──────── DATASET CONTENT ────────
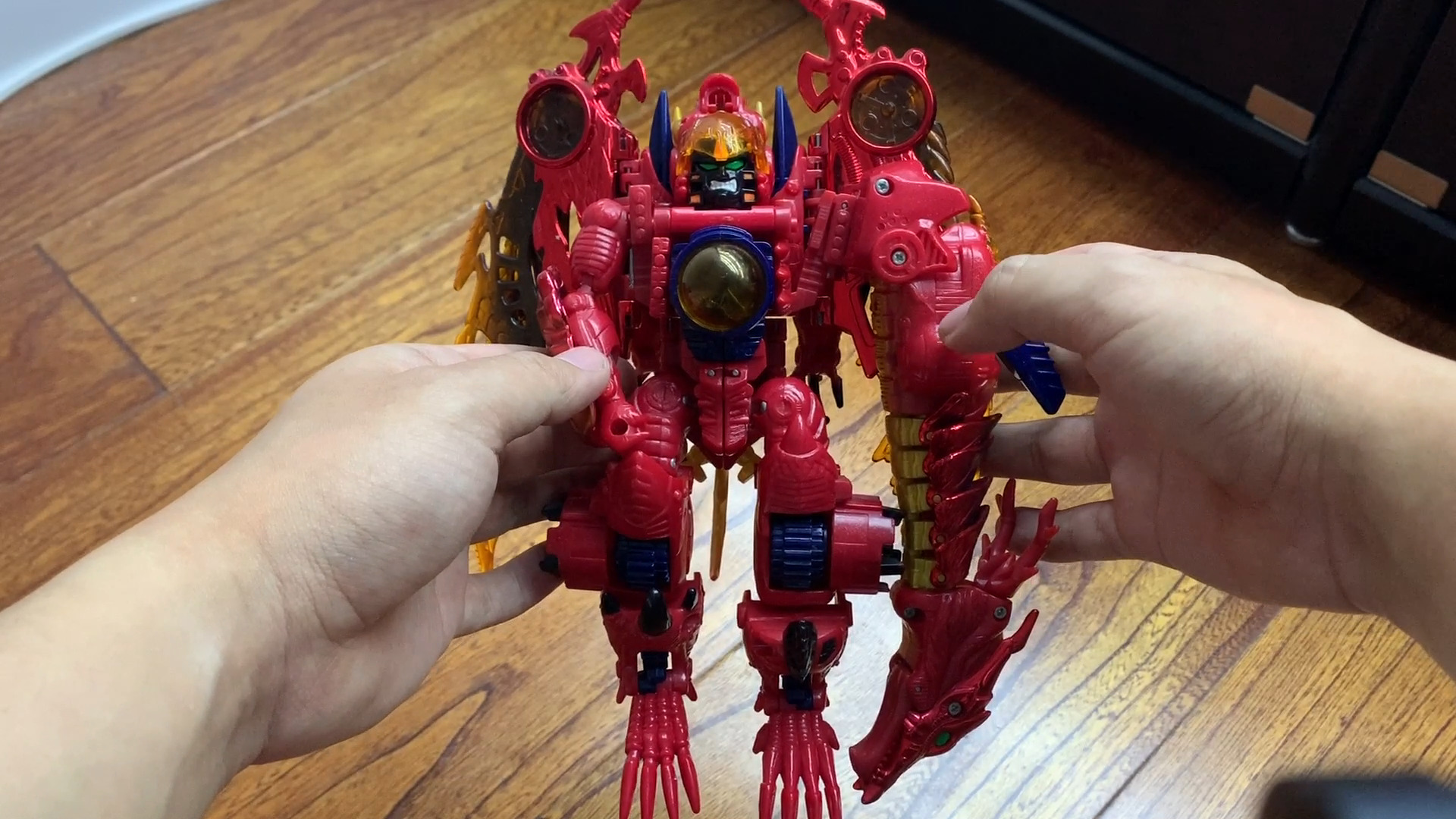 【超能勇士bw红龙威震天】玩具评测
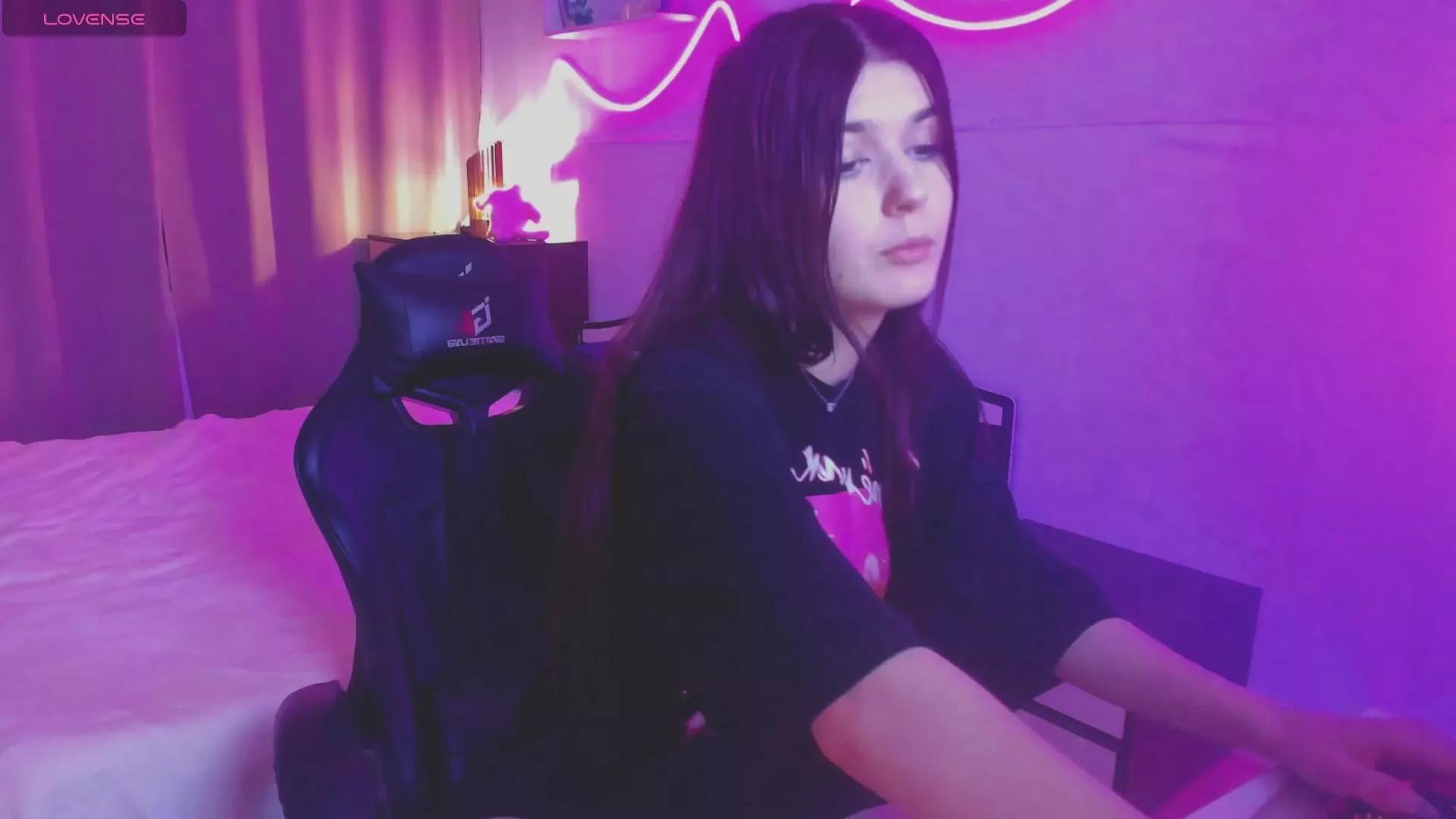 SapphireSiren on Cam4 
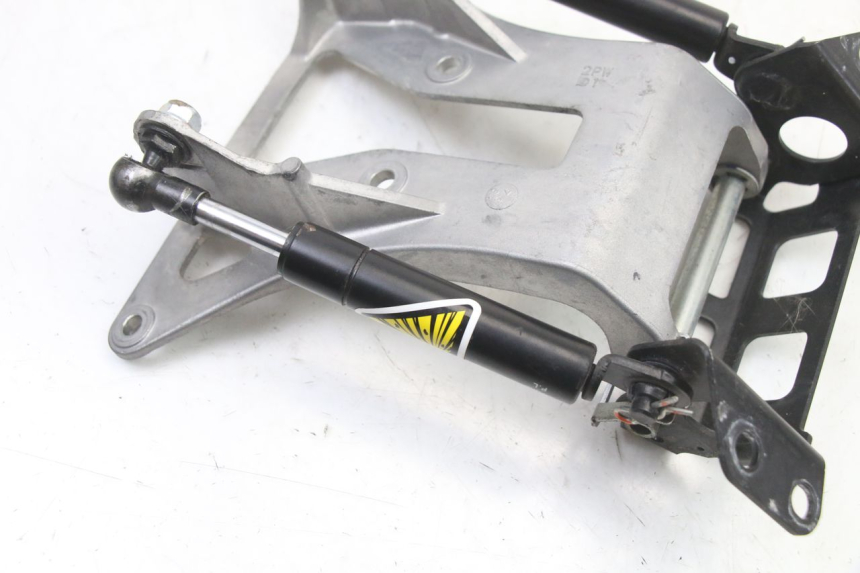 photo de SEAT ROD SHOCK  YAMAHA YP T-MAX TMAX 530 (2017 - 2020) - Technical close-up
────────
──────── DATASET CONTENT ────────
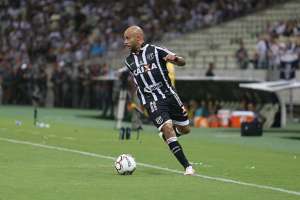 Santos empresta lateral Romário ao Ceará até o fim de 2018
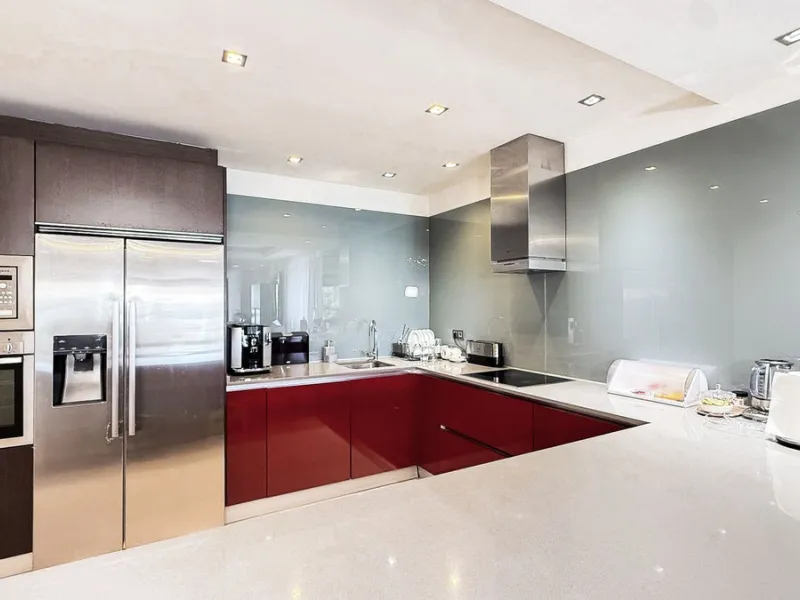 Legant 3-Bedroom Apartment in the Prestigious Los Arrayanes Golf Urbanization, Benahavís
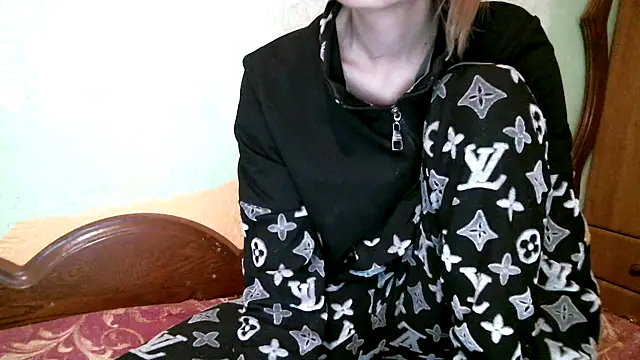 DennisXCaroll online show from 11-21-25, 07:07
────────
──────── DATASET CONTENT ────────
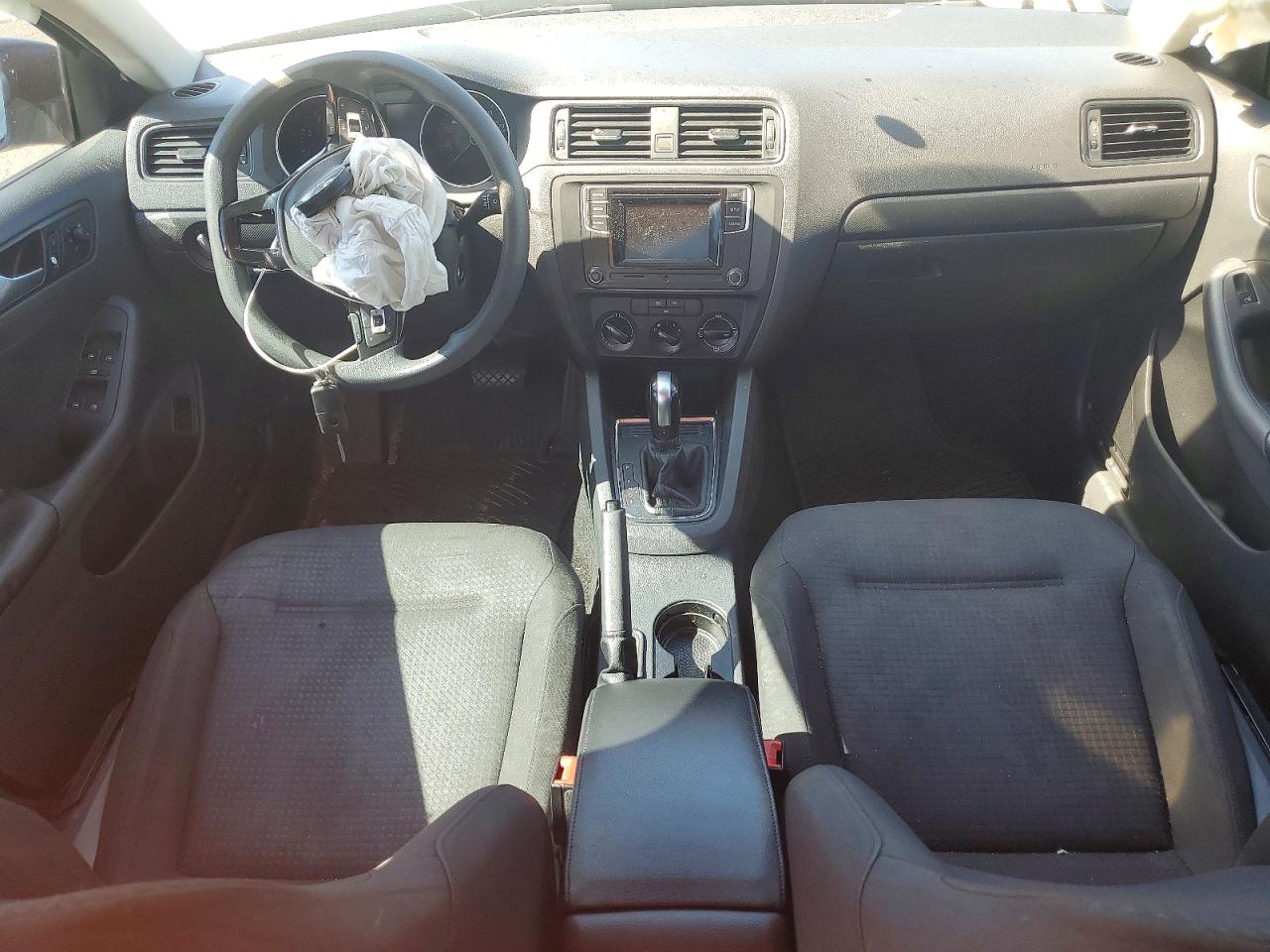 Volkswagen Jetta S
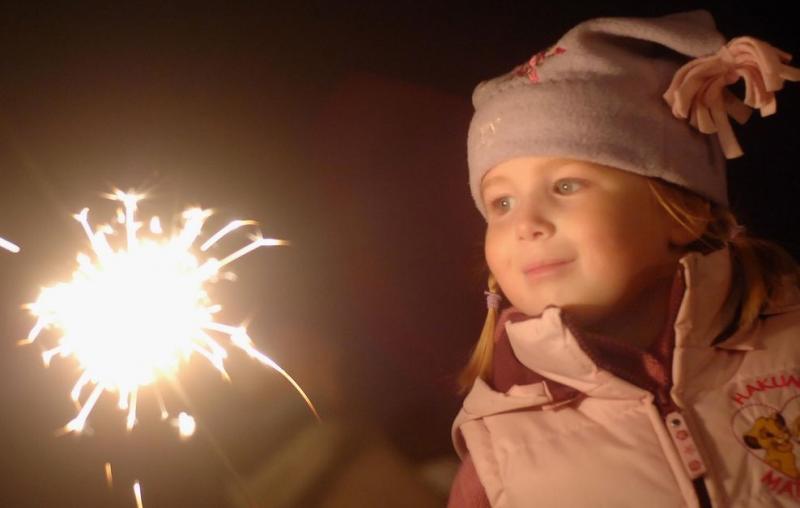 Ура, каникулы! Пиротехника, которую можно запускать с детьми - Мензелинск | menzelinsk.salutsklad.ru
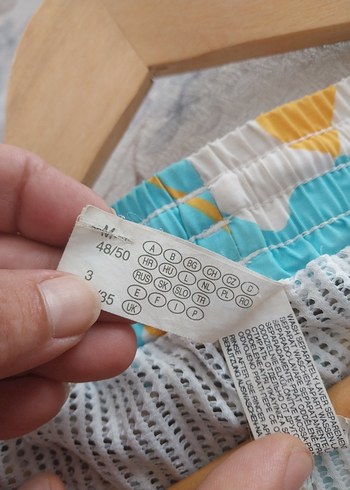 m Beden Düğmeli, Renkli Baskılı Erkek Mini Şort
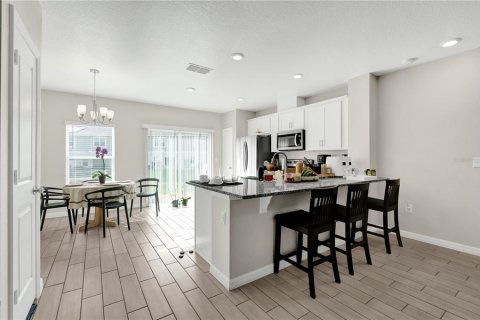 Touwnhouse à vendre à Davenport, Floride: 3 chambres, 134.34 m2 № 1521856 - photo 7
────────
The lines to set down run from the line with "Ура, каникулы! Пиротехника, которую" up to and including the line with "Touwnhouse à vendre" in the entries above. Reproduce them exactly, with no pictures.

RESPONSE TO THE EXERCISE:
 Ура, каникулы! Пиротехника, которую можно запускать с детьми - Мензелинск | menzelinsk.salutsklad.ru
 m Beden Düğmeli, Renkli Baskılı Erkek Mini Şort
 Touwnhouse à vendre à Davenport, Floride: 3 chambres, 134.34 m2 № 1521856 - photo 7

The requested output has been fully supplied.